As we continued on our way I ambled around the deck and took a few short video clips of our journey, it was good to capture this moment for posterity and have memories that we could look back on when this whole project was complete. We went under some lift bridges that did exactly that, they were lifted out of the water and operated by one man (the boat builder) using a British waterways secret key. Having been on a number of journeys on Simons narrow boat where bridges and locks meant mooring up and one of us (often moi) using the windlass handles to open the lock, I appreciated the amount of time racing with the maroon jeep was saving us.

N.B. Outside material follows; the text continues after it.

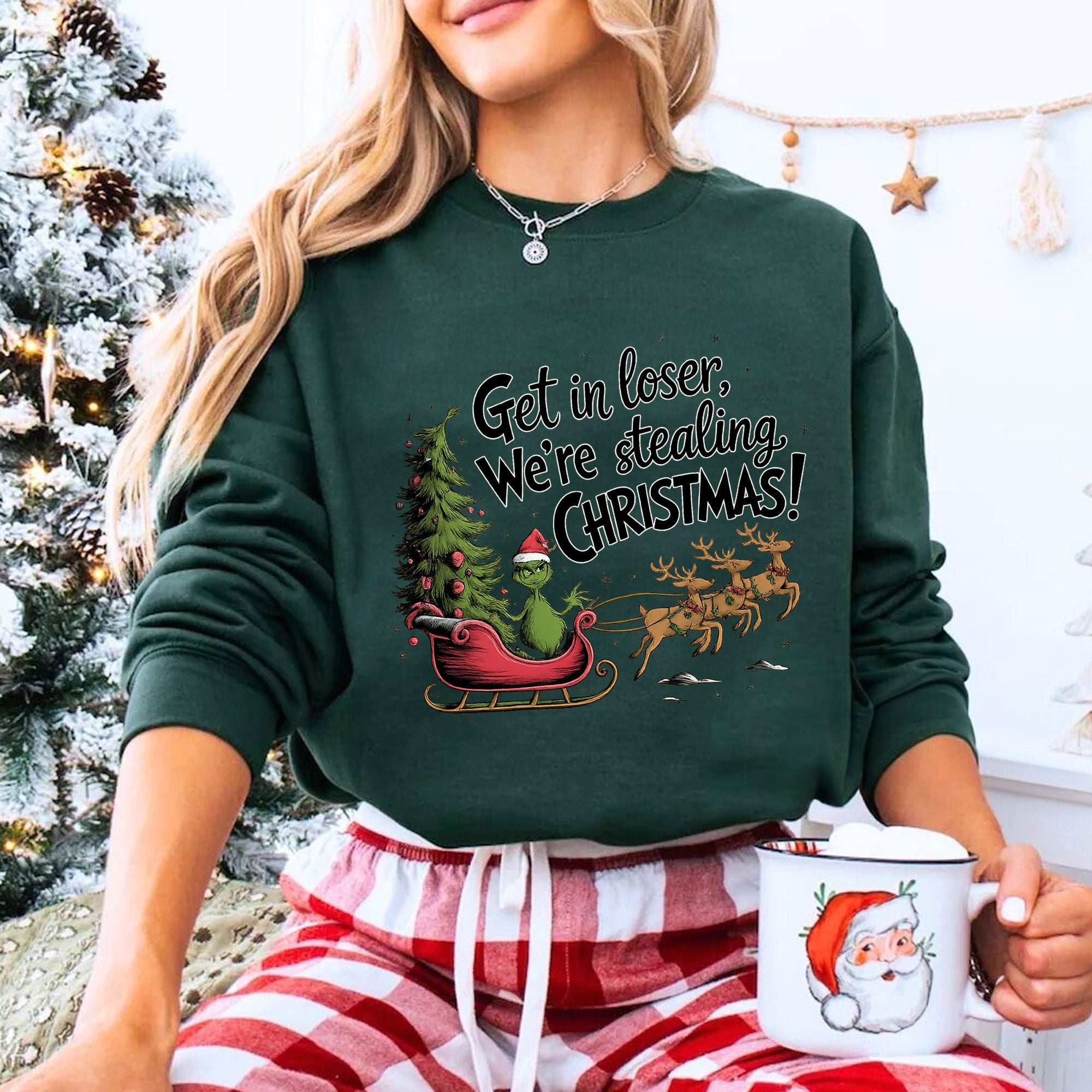 Funny Christmas T-Shirt - Grinch Inspired Print 'Get in Loser, We’re Stealing Christmas' Perfect for Holiday Humor Lovers
 - 8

Then we came to something I had never seen before the Guillotine Gate, my voice over on the clip was in keeping with the name, and Simon was suitably amused, ‘that’ll chop your head off alright’.

‘Very Essex,’ he smiled at me, never missing an opportunity to reinforce the pride he felt at my birth place and the cultural resonances it contained. He has told me on a number of occasions that when he told his brother he had met a girl he quite liked, his brother was typically laidback in his interest. When he mentioned my Essex heritage his brother was suddenly keen to know what I was like. I take all of this as a compliment, as I know that there is envy from all those who are not born on hallowed Essex ground.

The Guillotine Gate Aquaduct was a very clever piece of engineering, a bit like the spaghetti junction of the inland waterways. The Guillotine Gate is found where a canal crosses a river and is a man made aquaduct with a Guillotine at each end. If the aquaduct ever collapsed then the guillotines would drop and stop the canal water flooding the river and the land around it. ‘Clever stuff ,’I couldn’t help remarking to the men, they smiled in a knowing manner at me, thoughts of my future liberation movement on the waterways came to mind, and I smiled back, knowing that my time would come.

As we crossed the aquaduct there was a herd of cattle in a field who had wondered to the edge of the canal out of curiosity at the site that Misterton proffered. Three men, a rusty boat and a glamorous city chick, it was not often that such a bizarre crew would end up in the backwaters of the Aire and Calder navigation. As Misterton slowly glided across, Simon and Richard were on the side of the cattle greeting them with a casual glance, then for no reason they all started mooing very loudly at the guys who began to moo back, the cattle began to wander away from the boat in fear of the men’s intentions. I laughed out loud at the comedy moment that in some ways I suppose you had to be there to see, but as the mooing started both men looked perplexed and looked quizzically behind them to see what had scared the cattle, not realising that it was them.

Richard took over at the wheel for awhile and Steve obviously decided I needed to earn my passage, and the lady of leisure approach I was taking needed to be challenged.

‘Let me show you how to do the ropes,’ he said.

Ropes were something that Simon had always given me to do on Iris, so this should be quite straightforward. As we approached a lock Steve begun to make something that looked like it came out of the Wild West, ‘aim for the bottom of the bollard when you are throwing the rope, and then you can pull it tight.’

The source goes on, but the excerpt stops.